## DIRECTIONS FOR THIS TASK:
Your reply should reproduce the data below without a single alteration, apart from dropping the images.

## DATASET CONTENT:
■ ■ ■ ■ ■ ■ ■

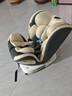Heekin德国 儿童安全座椅汽车用0-4-12岁婴儿宝宝360度旋转ISOFIX硬接口 时尚灰(ISOFIX+360度旋转) 实拍图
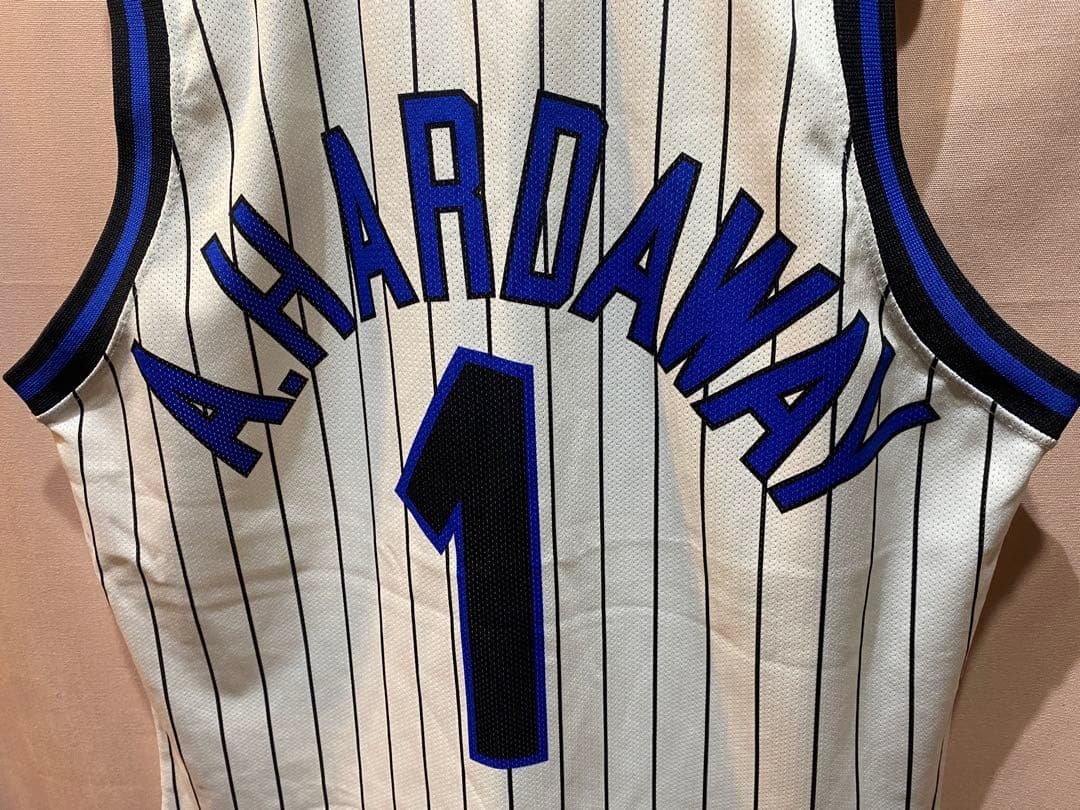 マジック　ユニフォーム A.Hardaway アンファニーペニーハーダウェイ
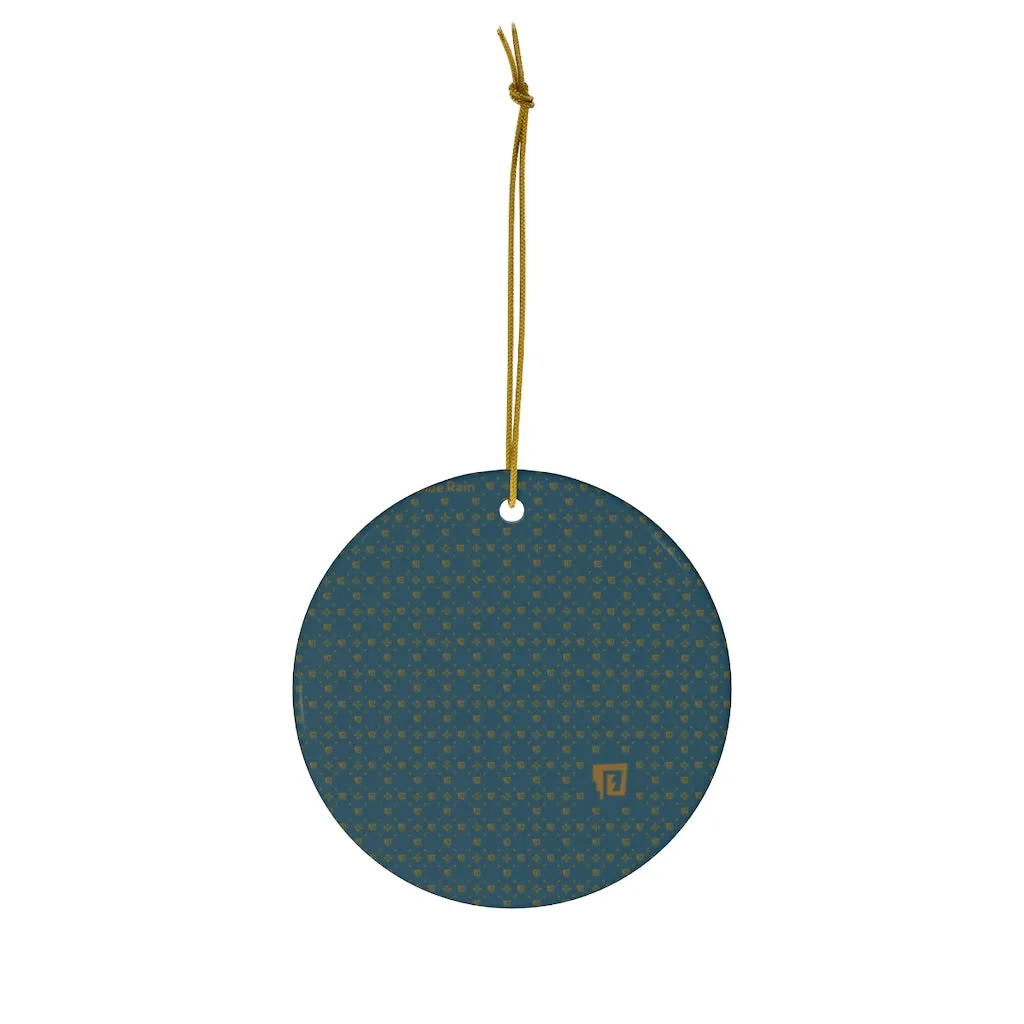 Ceramic Ornament, 1-Pack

■ ■ ■ ■ ■ ■ ■

## SOLUTION TO THIS PROBLEM:
Heekin德国 儿童安全座椅汽车用0-4-12岁婴儿宝宝360度旋转ISOFIX硬接口 时尚灰(ISOFIX+360度旋转) 实拍图
 マジック　ユニフォーム A.Hardaway アンファニーペニーハーダウェイ
 Ceramic Ornament, 1-Pack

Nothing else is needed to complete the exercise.